= Owen Connellan (politician) =

British politician and trade unionist

Owen Connellan (1856 – 8 September 1923) was a British politician and trade unionist.

Born in Bristol, Connellan became a compositor and joined the Typographical Association (TA). At aged 13, while working as a printer, he was convicted for theft for stealing 16 shillings, 3 pence from James Allen Francis in Penzance, Cornwall. He was sent Kingswood Reformatory near Bristol for five years.

He moved to Bradford, where in 1880 he became active in the local branch of the TA, and from 1886 to 1888 he was the union's national president. While in Bradford, he led a dispute between the union and the Bradford Observer relating to union recognition and the introduction of new technologies.

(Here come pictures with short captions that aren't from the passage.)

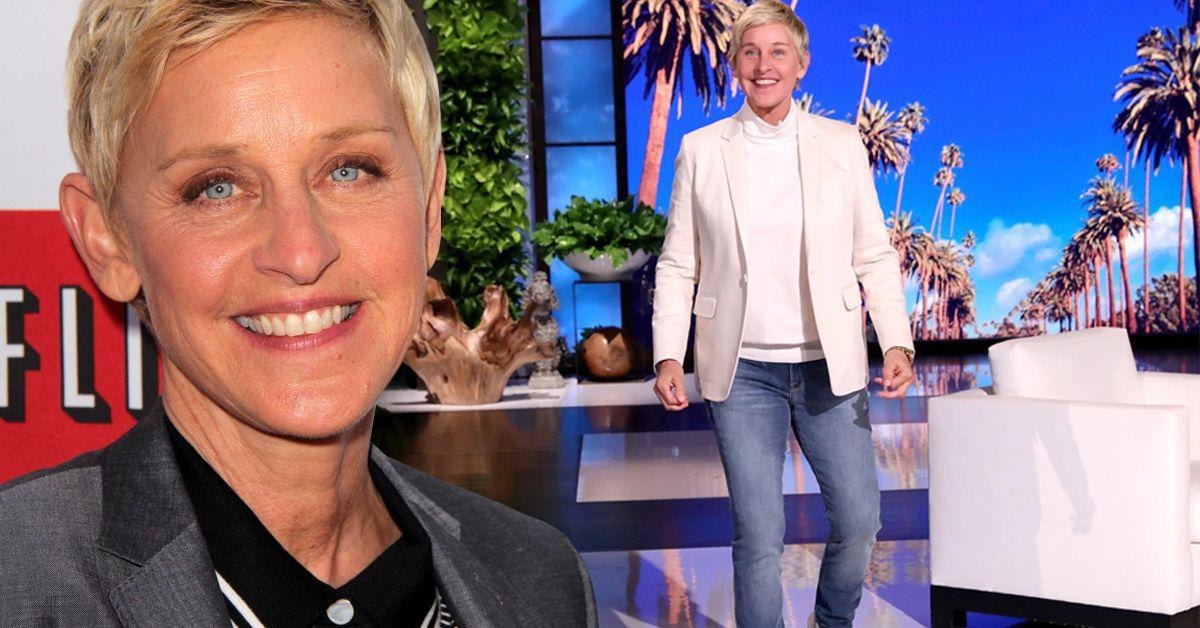 Ellen DeGeneres proibida de usar jeans e falar sobre ser gay em talk show.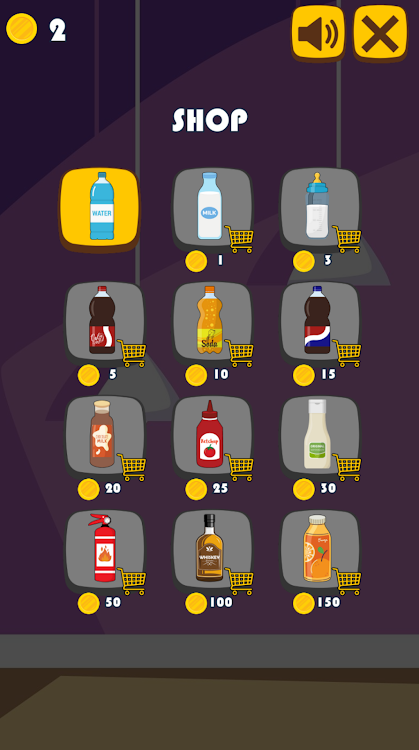 #7. UpThrow The Bottle:Sliding (Android) By: beresin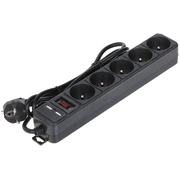 Energosadales Vienības Ak-Sp-05U 5 Ligzdas  2 Usb Akyga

Connellan moved to Leeds in the early 1890s, and in 1892 he was elected as secretary of Leeds Trades Council. The following year, he was an early member of the Independent Labour Party (ILP), despite not being a socialist. He did not remain in the new party for long, and in 1895 he was elected to Leeds City Council in the East Ward as a Liberal-Labour politician, with the support of the Leeds Electoral Association and the local branch of the Irish National Federation. He hoped to stand in Leeds East in the 1900 UK general election, but was unable to attract the backing of the trades council, and the recently founded Labour Representation Committee (LRC) instead backed William Pollard Byles. Upset by this development, Connellan instead supported J. R. Maguire of the Liberal Party. He resigned as secretary of the trades council, although ultimately he was persuaded to remain in the post.

Against Connellan's wishes, the trades council affiliated to the LRC, and in 1901 he served as its delegate to the committee. He was elected to its National Executive Committee as its first trades council representative. This experience moved him towards a split from the Liberal Party and, though he was re-elected to the council as a Lib-Lab in 1903, in 1904 he decided that he would in future contest elections for Labour. He attempted to become the party's candidate for Leeds East at the 1906 UK general election, but his recent conversion to Labour did not impress the local party, which instead backed ILP member James O'Grady.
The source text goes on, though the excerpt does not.